Testifying before the Senate Foreign Relations Committee on U.S. President George W. Bush's plan to send more troops to Iraq, Rice tried to assure impatient U.S. lawmakers that Iraqi officials are making progress on the hydrocarbon law.
Condoleezza Rice received a bipartisan scolding from the Foreign Relations Committee. (Melina Mara -- The Washington Post)
"You referred to the oil law as a remarkable law," Sen. John Sununu, New Hampshire Republican, told Rice. "Well, it's the most remarkable law that no one has ever really seen."
The Bush administration had hoped that Iraq's vast oil reserves of 115 billion barrels, the third-largest on the globe, would fund rebuilding efforts.
But the OPEC member's oil sector has been crippled by sabotage attacks, corruption, and years of neglect under sanctions before the U.S.-led invasion of March 2003.
Iraq's government is hammering out an oil law to regulate foreign investment.
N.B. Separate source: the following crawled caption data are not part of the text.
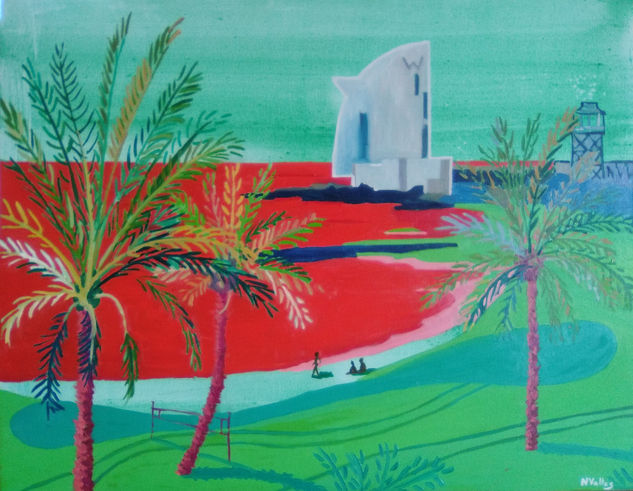 Hotel Wela y playa 2 Mixed media Canvas Marine Painting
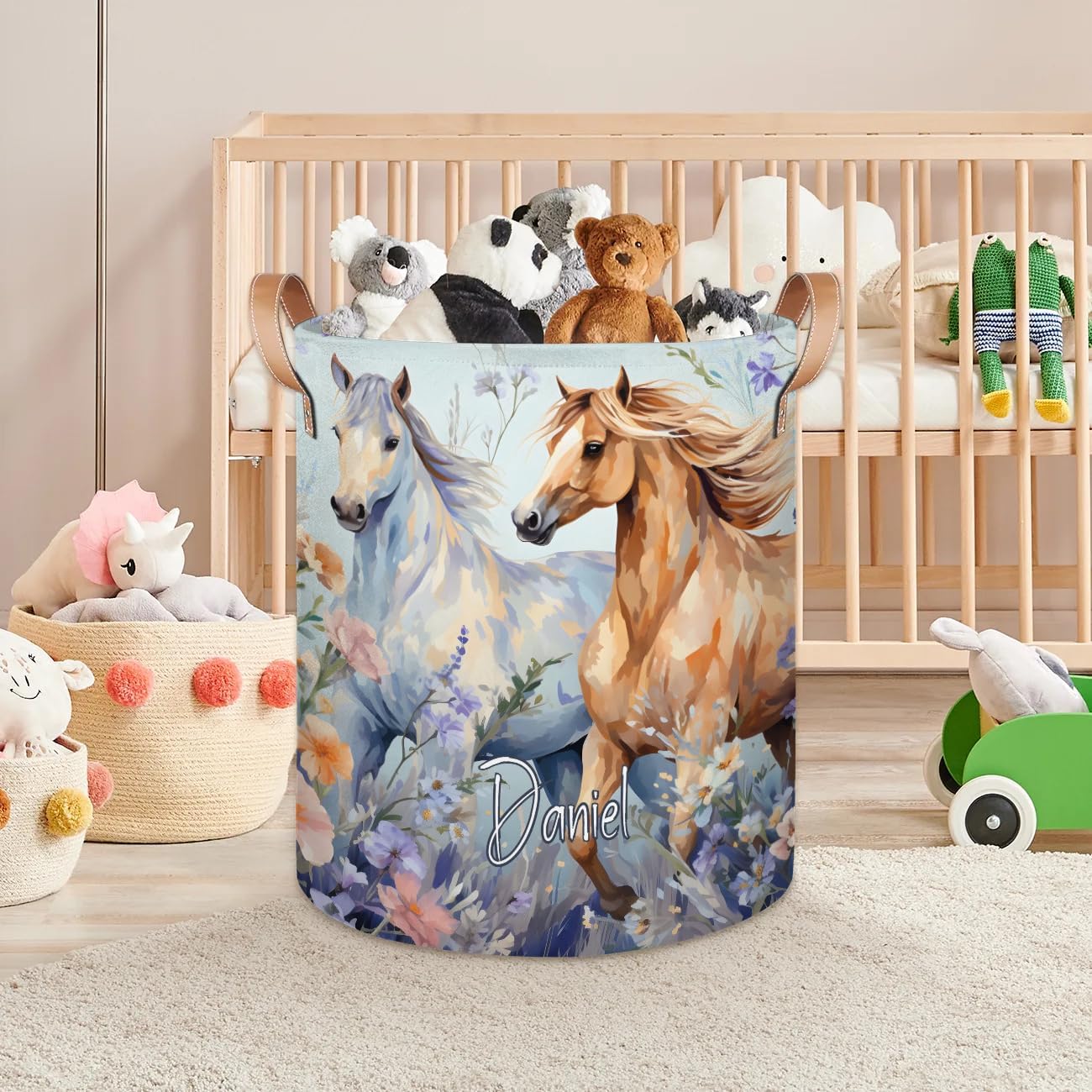Custom Laundry Hamper Toy Organization Basket with Name Foldable Clothes Storage Basket for Boys and Girls Horse Blue Flower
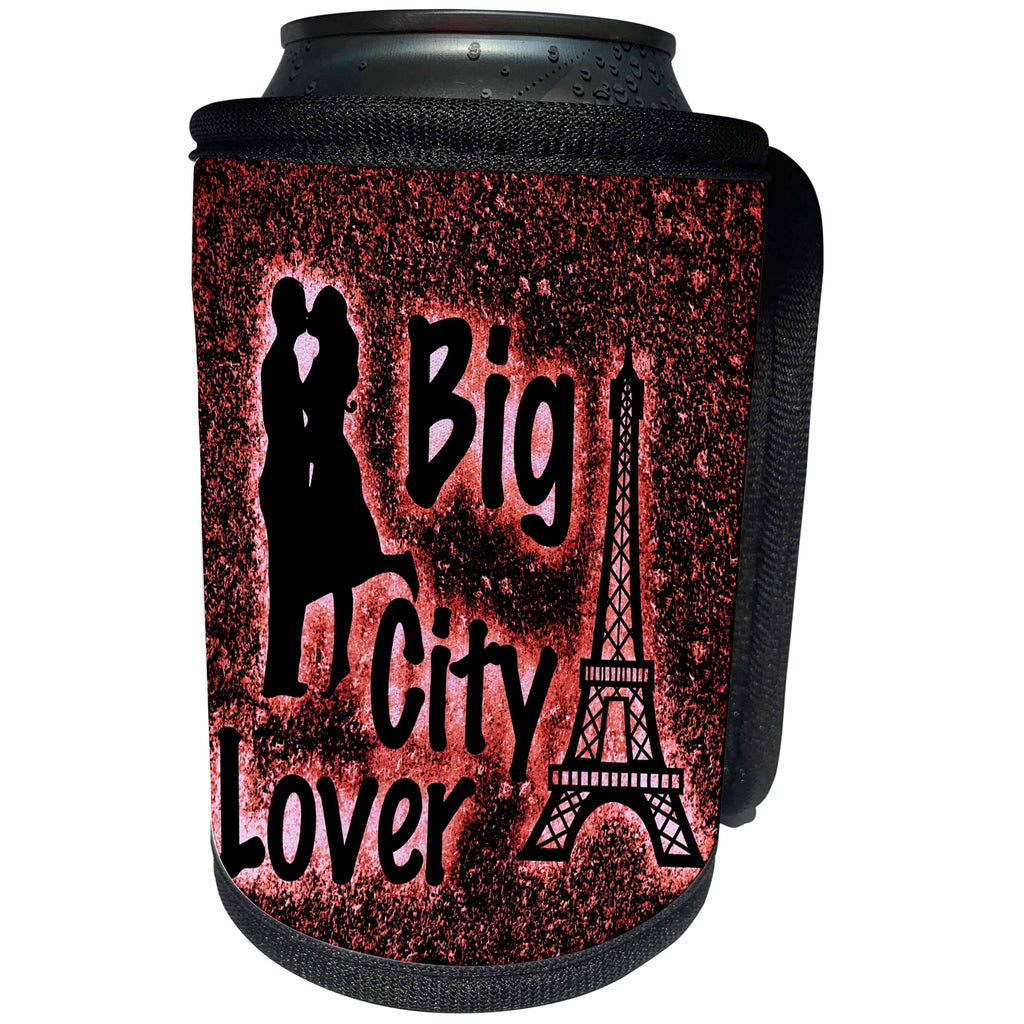 3dRose Sven Herkenrath Quotes - Big City Lover Quote Silhouette of Kissing Couple Eiffel Tower - Can Cooler Bottle Wrap (cc_255846)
But it has been held up by disagreements over how revenues will be divided between provinces and the central government, and over who will have authority to sign contracts with foreign companies.
Sununu said he had been briefed on the oil law recently by members of the White House National Security Council, and had received a top-secret briefing from individuals he did not identify.
"What we can gain is that there has been some agreement on investment issues, and even ownership, but not on distribution," Sununu said. "And from where I sit, it's distribution that really matters."
"Distribution has actually been less of a problem than the question of who gets to sign contracts," Rice said. "That's frankly been the one that they've been hung up on."
Sununu bemoaned a lack of clear information from the White House on oil law progress.
"Senior National Security Council staff was able to tell me and others in the room nothing about distribution methodology," he said.
Fellow Republican Sen. Norm Coleman of Minnesota asked Rice why the administration has not set a deadline for publishing the oil law.
"Why wouldn't it be wiser to hold the Iraqis to certain benchmarks, to tell them, 'You have X number of months to pass an oil law?"' Coleman asked Rice.
The contract issue is vital to Iraq's future as a solution favoring the regions would devolve power over its most valuable resource to the majority Shi'ites and the Kurds whose regions are home to the country's most coveted oil fields.
Minority Sunni Arabs, dominant under Saddam Hussein before the U.S.-led invasion in 2003, fear regional devolution will leave them with nothing.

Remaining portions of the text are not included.